• What is required
Output every line of the material exactly, omitting images.

===== Supplied data =====

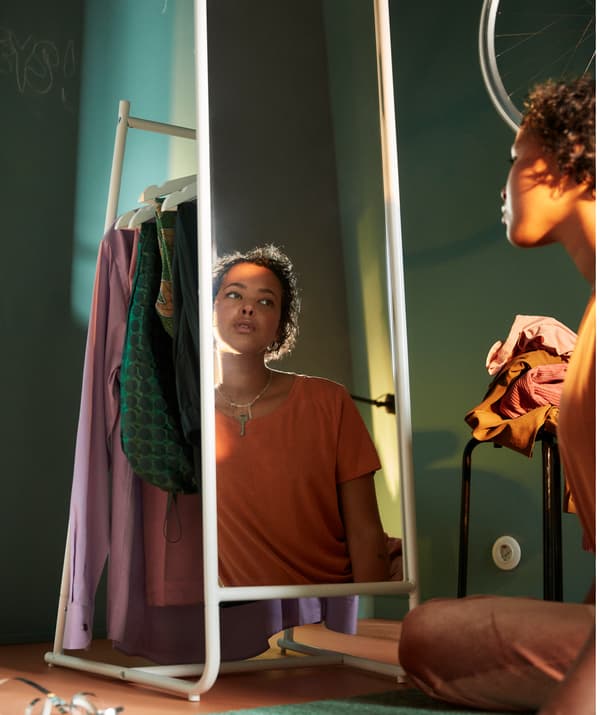 Jeune fille assise au sol se regardant dans un miroir. Une pile de vêtements est déposée sur un tabouret à côté d’elle.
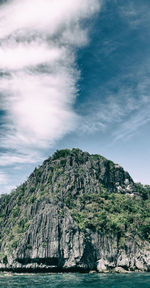 Scenic view of sea by mountain against sky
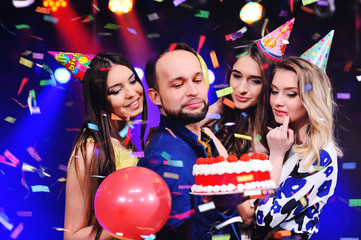 a young man in the company of friends makes a wish blowing out their candles on the cake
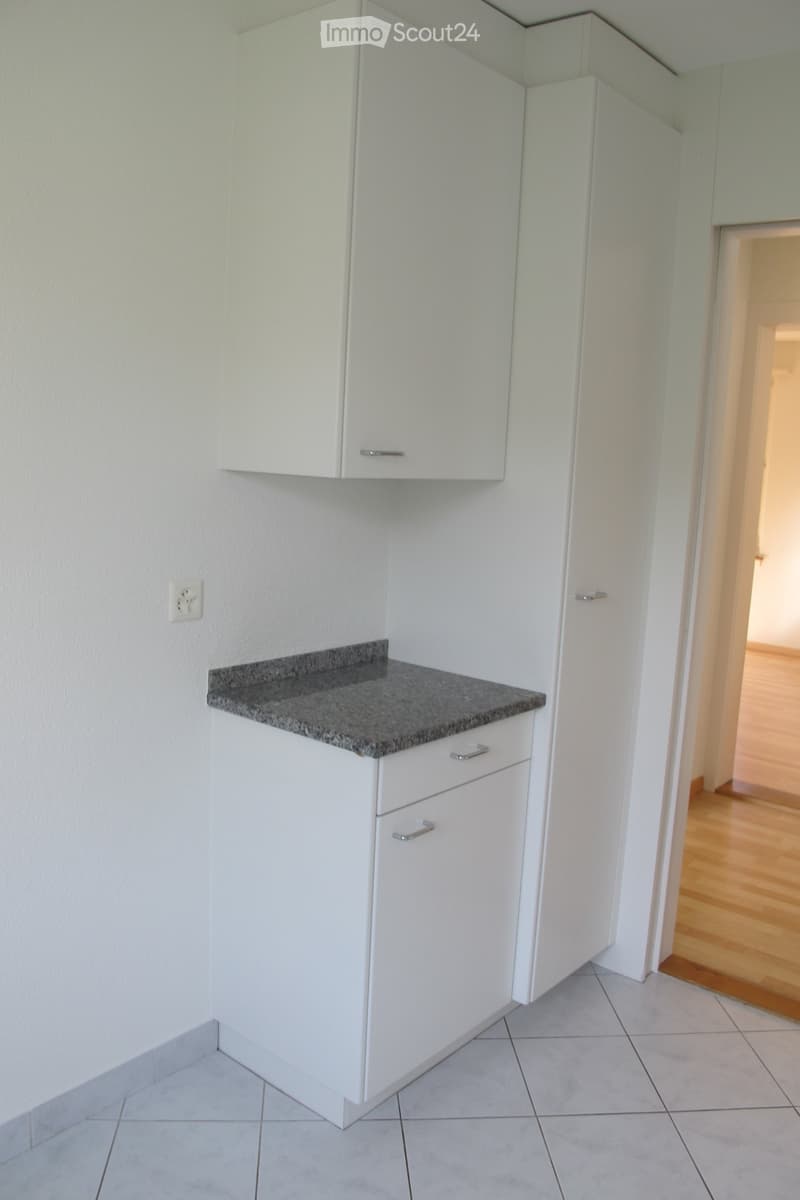 white cabinets, granite countertop, white tiled floor, power outlet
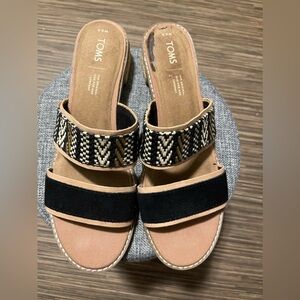 TOMS black geometric sandals. Spot on left shoe Sandals still in great condition
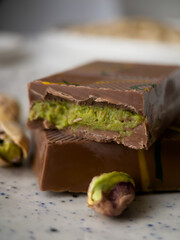 A piece of Dubai chocolate with pistachio paste and kunefe filled milk on a white background. Popular food concept. Vertical orientation. Macro photography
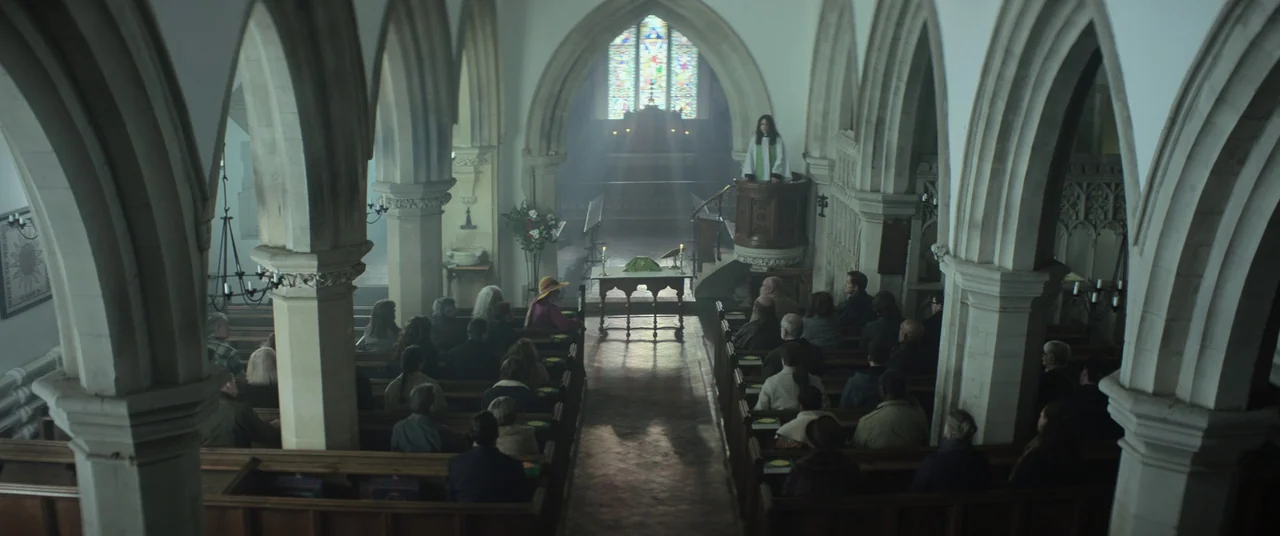 Lord of Misrule (2023) movie still: wide — A stone church nave features arched pillars and wooden pews filled with seated congregants. A person in…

=====

• Written response
 Jeune fille assise au sol se regardant dans un miroir. Une pile de vêtements est déposée sur un tabouret à côté d’elle.
 Scenic view of sea by mountain against sky
 a young man in the company of friends makes a wish blowing out their candles on the cake
 white cabinets, granite countertop, white tiled floor, power outlet
 TOMS black geometric sandals. Spot on left shoe Sandals still in great condition
 A piece of Dubai chocolate with pistachio paste and kunefe filled milk on a white background. Popular food concept. Vertical orientation. Macro photography
 Lord of Misrule (2023) movie still: wide — A stone church nave features arched pillars and wooden pews filled with seated congregants. A person in…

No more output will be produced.